(Dataset section):
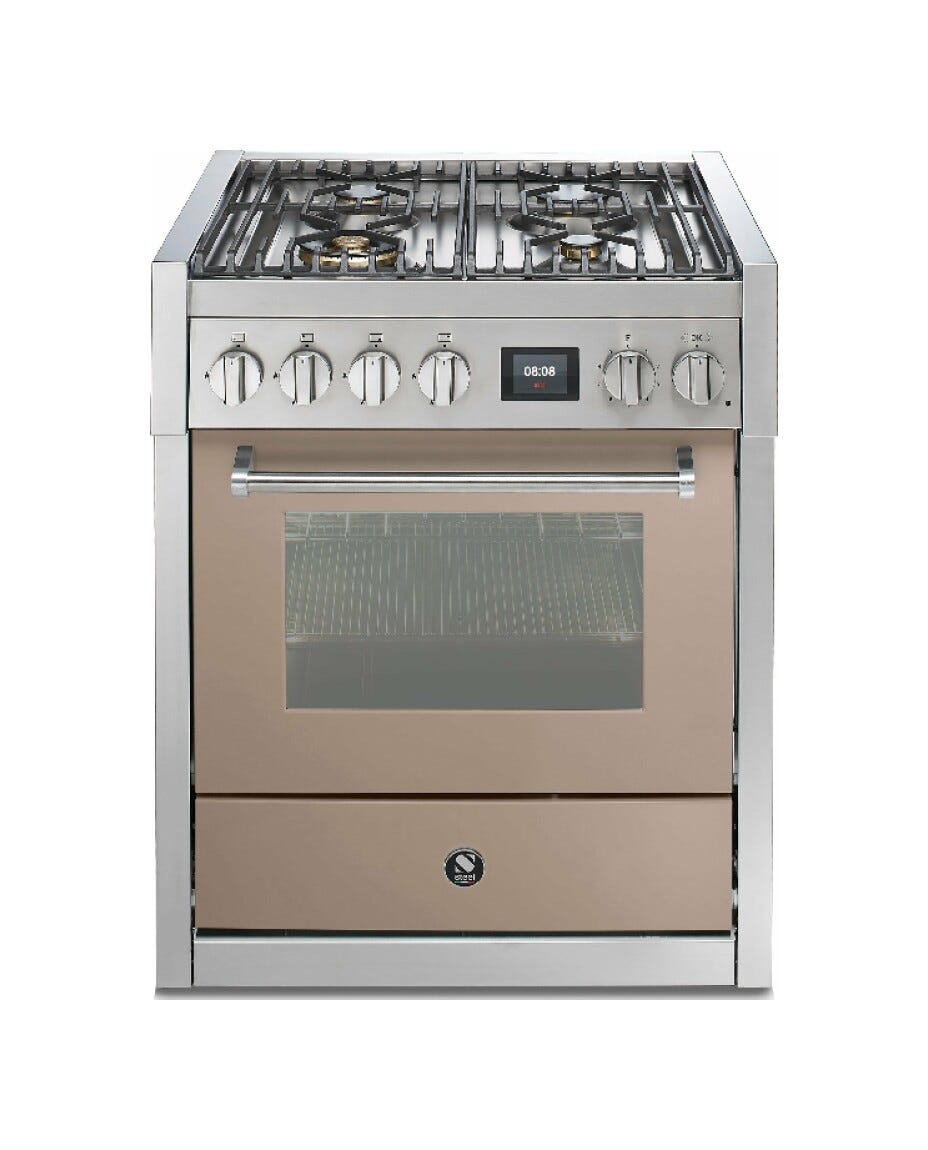 Steel Genesi 70 GQ7S Genesi 70 Cucina da accosto, 70 cm inox, forno Combi-Steam 70 L, 11 funzioni, 2 varianti piano cottura (gas e induzione)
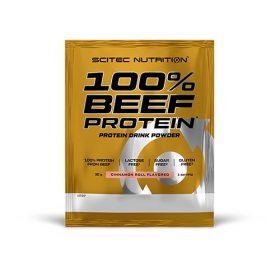 Scitec Nutrition 100% BEEF PROTEIN (30 GR) CINNAMON ROLL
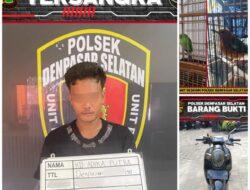 Unit Reskrim Polsek Denpasar Selatan Amankan Pelaku Pencurian Burung yang Viral di Media Sosial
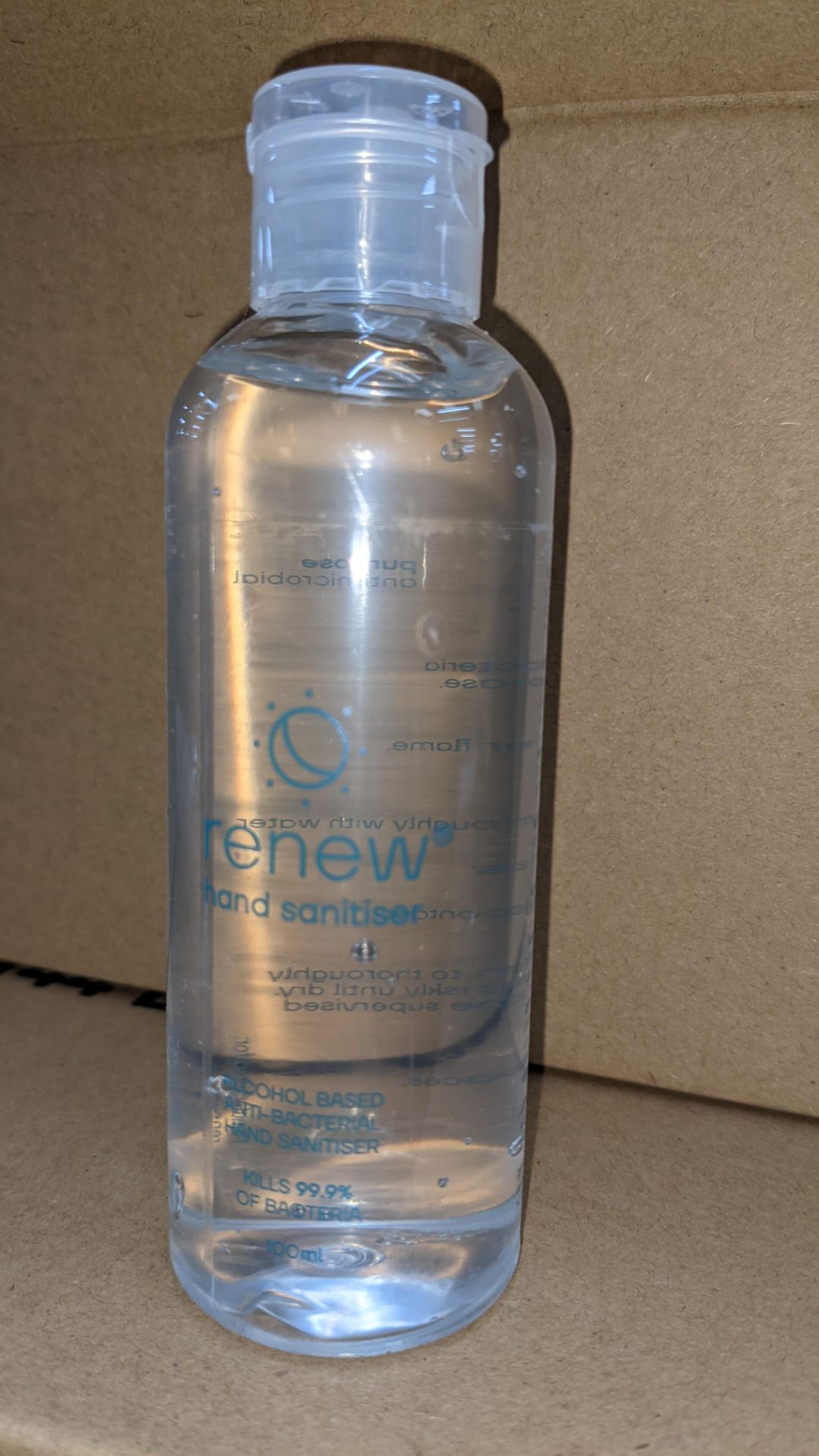 4,320 bottles of Renew anti-bacterial alcohol based hand sanitiser. Each bottle holds 100ml. 75% e - Image 6 of 12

(Work instructions): Each line from the line containing "Unit Reskrim Polsek" through the last line above must be written out exactly, and every picture must be omitted.

(Solution for this problem):
 Unit Reskrim Polsek Denpasar Selatan Amankan Pelaku Pencurian Burung yang Viral di Media Sosial
 4,320 bottles of Renew anti-bacterial alcohol based hand sanitiser. Each bottle holds 100ml. 75% e - Image 6 of 12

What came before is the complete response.